If thine eye offend thee, pluck it out.

Last night I caught a glimpse of a news article that, well, isn’t really news at all, but, somehow, still wound me right up.

Apparently a chap called Shazad Iqbal from the delightful town of Bradford in England has started an online petition to have the Katy Perry video for the tune “dark horse” removed from Youtube on the grounds it contains a clip where someone, one of the “suitors” to Katy Perry’s Egyptian queen is briefly seen and is wearing a pendant with the Arabic word for God on it.
This, he alleges, is blasphemous.

Blasphemy
1 a.
 A contemptuous or profane act, utterance, or writing concerning God or a sacred entity
  b. The act of claiming for oneself the attributes and rights of God.

2. An irreverent or impious act, attitude, or utterance in regard to something considered inviolable or sacrosanct

Some 60,000 lunatics have signed onto his petition to youtube for it to be removed. Removed…
from youtube…
for blasphemy…

Ok, just give me a second to check my calendar…oh, yeah, it is 2014.

First, I should point out that I have a deep suspicion of all news and as far as I am concerned this news story could be far deeper and far more complicated than it at first appears, but, no matter how the petition got started it, who Shazad actually is becomes somewhat irrelevant because, sadly, 60,000+ other mentals who have jumped alongside “him” in defense of “Him”.

I want to deal with my issues one by one.

So, let’s deal with Shazad and his mates and the question of if you’re a sufficiently devout Muslim that a symbol that you believe represents “God” being worn by a representation of a historical character in a pop video wearing a necklace offends so much then, err…
What the fuck are you doing watching a bloody Katy Perry video?!?
This is surely a video guaranteed to contain a bevy of naked, jiggling, sexually suggestive flesh, both male and female, with particular attention being paid to the acres and acres of milky white cavernous cleavage of the star. How exactly does that sit with your religious fundamentalism?
Seriously, how hard was this guy looking to notice this necklace?
Is he so pissed because he spotted it just as he reached the vinegar stroke?

Then there’s the others. Are they signing a petition based on his word or did they all wade straight in to observe this blasphemous material?
Are the costume department now subject to a Fatwah? Are they also to be shot in the street for their transgressions?
I would have signed the petition if it had been because it was god awful shite, but, not for poxy blasphemy. So, here’s my suggestion to the first issue, people here’s the question one should ask oneself before clicking a link, sitting down to youtube or watching mtv:-

Are you a practicing Muslim? Are you devout? Are you from one of the other religions? Are you offended by young attractive people creating sexually suggestive imagery?

If you answered yes to any or all of the above stop watching Music videos.
Stop having a tug to Katy Perry and Lady Gaga, go and find a woman of your own to subjugate or wait for your parents to buy one for you and stop writing petitions about blasphemy.
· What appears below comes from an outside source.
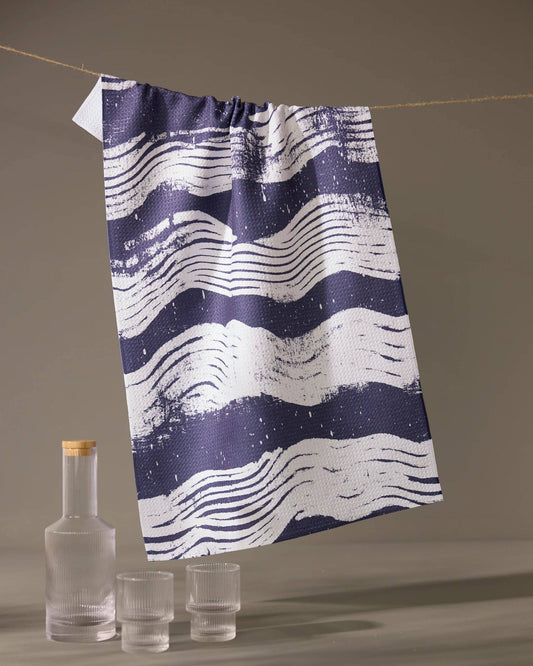 Geometry - Brushline Navy Tea Towel
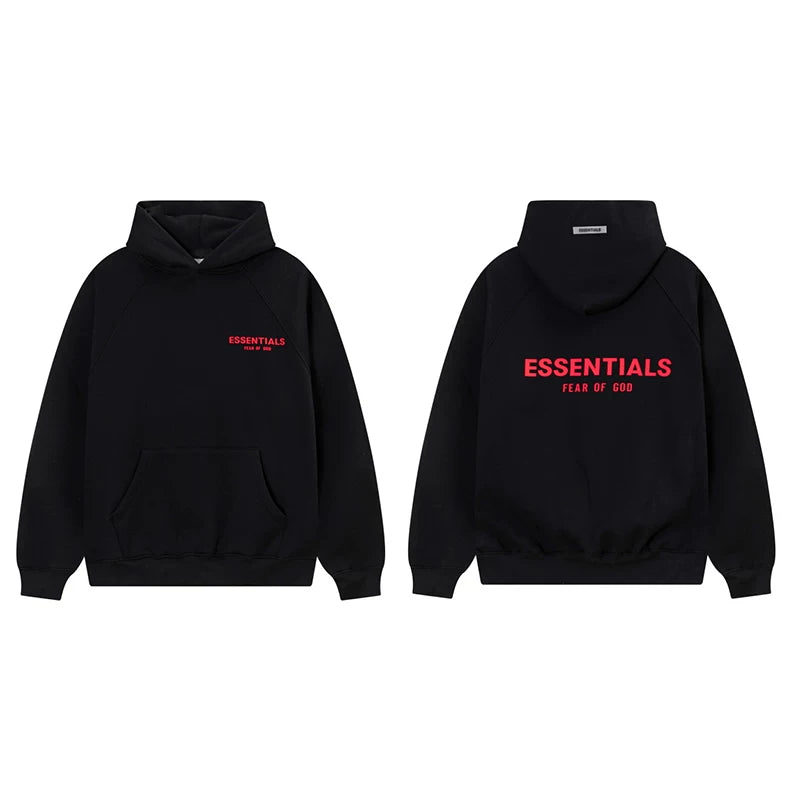 Fog Essentials Black Fleece‑Lined Oversized Pullover Hoodie Bright Red Chest Logo Print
To claim for yourself the right of God to be offended for Him is a blasphemous act. Don’t think I’m only talking to muslims here, OK, the catholics have been at this far longer and they should concentrate on stopping telling women what to do with their bodies, stop buggering alter boys  and protecting peadophiles in their own entertainment industry before they start on at the Hollywoods entertainment industry.

Next, people of said entertainment industry.
Either do some research into what things are before putting them on the screen or carry on not bothering and go tell the religions of the world to choke on what they’re shoveling.
So, try to ensure that you’ve not accidentally created a copy of the Holy piss cup of Abraham or the Bedpan of Isiah and then put it in a music video featuring two naked lesbians writhing with a customarily naked Miley Cyrus who’s furiously licking the majestic chalice which is being used by Robin Thicke to cover his genitals in their imminent duet about how much glorious fun it is to have an orgy in front of her dad whilst the poor bastard sits in the corner and cries into his, by now, much needed crack pipe.
I know, it’s far easier to just acquiesce than actually having some balls and standing up for the truth.

Now, it’s time to talk about us.
We need to deal with this blasphemy nonsense.
We are continually changing the meaning of words, giving them new definition and I suggest it’s about high time we moved with the times and redefined blasphemy, gave it a truer, more meaningful summation. So, just change a few key words and punctuation in the current definition and add a third part, thus:

Blasphemy.
1.a  
Any contemptuous or profane act, utterance, or writing alleging offense on behalf of God or any sacred entity
  b.
 The act of claiming for oneself the right to be offended on behalf of God.

2. An irreverent or impious act, attitude, or utterance in regard to (something considered inviolable and sacrosanct) Science.


3. (n. unused) The once held belief that there was a God and one could kill or punish others for upsetting Him
.

It’s the 21st bloody century and we’re still allowing people to run around claiming offense on behalf of God.
If God has got his holy knickers in such a twist by this three second appearance of a sodding necklace in a pop video then he can bloody well do something about it Himself. He is, some say , all powerful and all mighty, so, surely he can be wrathful all on his own, I’ve read all the good books, he’s not short of experience in the area! However, could he kindly do something about the all the slaughter and death that goes on His name first… You know, priorities people, necklace against generations of religious genocide.

If God isn’t offended by the sight of endless slaughter, but, is offended by a bit of Jewellery, then for the love of the real God (the collective capability of our species) please, please, pretty please with some sugar on top, STOP WORSHIPPING SUCH A PETTY TWAT!

As it turns out the video has now been edited to remove the offending article so, Mr Iqbal and friends can get back to watching youtube with one hand whilst training their heat seeking womb ferret until it’s sick with the other, free of the fear a sudden religion induced lack of tumescence ruining those treasured moments of self-worship between prayers.